Whatever it is called, the legislators promise that it will somehow
convert the knowledge cacophony of the World Wide Web into a knowledge
symphony.
Yet for any given task, people manage to work together without
reorganizing the totality of all the knowledge soup in their heads.
Instead of legislation, they use negotiation to make the minimal
adjustments needed to get the job done. To make negotiation possible
among computer systems, several processes must be accomplished:
defining the task to be done, mapping the task-related concepts to the
available structures of each system, and making adjustments only when
necessary. This talk discusses the mechanisms of negotiation, analyzes
their implications for system design, and shows how they can enable
legacy systems to interoperate in dynamically changing environments.
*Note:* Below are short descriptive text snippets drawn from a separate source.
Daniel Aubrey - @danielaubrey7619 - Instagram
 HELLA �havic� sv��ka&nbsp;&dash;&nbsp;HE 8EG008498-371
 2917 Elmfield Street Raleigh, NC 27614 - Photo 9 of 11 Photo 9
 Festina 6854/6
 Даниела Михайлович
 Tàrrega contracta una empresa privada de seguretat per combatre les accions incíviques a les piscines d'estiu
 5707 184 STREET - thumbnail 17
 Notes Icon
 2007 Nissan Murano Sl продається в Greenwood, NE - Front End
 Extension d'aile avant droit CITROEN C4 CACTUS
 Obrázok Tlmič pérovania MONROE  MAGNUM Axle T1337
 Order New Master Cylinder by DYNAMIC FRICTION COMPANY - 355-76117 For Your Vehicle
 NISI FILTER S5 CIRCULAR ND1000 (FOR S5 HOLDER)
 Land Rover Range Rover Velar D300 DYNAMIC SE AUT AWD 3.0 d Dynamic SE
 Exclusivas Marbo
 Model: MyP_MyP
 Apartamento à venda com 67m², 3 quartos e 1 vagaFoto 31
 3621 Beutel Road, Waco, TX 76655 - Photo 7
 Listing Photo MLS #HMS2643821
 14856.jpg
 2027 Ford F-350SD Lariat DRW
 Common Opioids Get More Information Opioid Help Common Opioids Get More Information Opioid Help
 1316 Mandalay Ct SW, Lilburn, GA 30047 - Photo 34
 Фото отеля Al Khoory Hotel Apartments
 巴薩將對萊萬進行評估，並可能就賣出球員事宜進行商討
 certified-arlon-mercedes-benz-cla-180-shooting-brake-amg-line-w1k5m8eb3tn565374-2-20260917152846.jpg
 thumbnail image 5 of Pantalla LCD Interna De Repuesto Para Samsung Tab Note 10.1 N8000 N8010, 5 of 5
________________________________________________________________________
Below are some comments regarding the status of some linguistic concepts
within the ontology:
SF: Scott Farrar
DW: David Whitten
SF:
In my discussion with Ian, several issues surfaced:
First there is the status of the concept &%Language. We suggest
expanding its status somewhat:
In addition to including &%Language as a subclass of
&%LinguisticExpression,
we think &%Language should include a set-theoretic notion. Many
linguists
argue that a language is a potentially infinite set of what SUMO calls
&%LinguisticExpressions. Therefore Ian suggested that SUMO add,
(disjoint Language FiniteSet)
DW:
I certainly would understand why you would want to do this, however, if
you have a finite vocabulary, and a grammar that cannot realize an
infinite
number of linguistic expressions, it would be false. I would like to
caution you to be careful not to overload the SUMO term with more than
one
English word-sense. I believe Jon Awbrey is correct that there are many
ways words can be used, and SUMO needs to have a way to represent them,
but I am of the opinion that modern reasoning systems don't deal with
ambiguity well at all, and we would do well to keep our definitions
and terms usable by machines and systems currently available.
SF:
Yes, I agree that we are talking about more than one concept here. Now
the
question is just how many? The notion of language as an unbounded set is
pervasive within the ling. community. But, as much as possible, we're
trying
to remain theory neutral, at least while we're constructing our
lingustics
sub-ontology.
SF:
Also, if we construe language as a set of &%LinguisticExpressions, then
is it correct to say (subclass Language LinguisticExpression)? I think
that
if we adopt the set-theoretic notion of &%Language, then we need some
way
of disallowing Language as a member of the set that is itself
&%Language.
Perhaps this touches on Russell's Paradox?
DW:
What are the elements of the class &%Language ?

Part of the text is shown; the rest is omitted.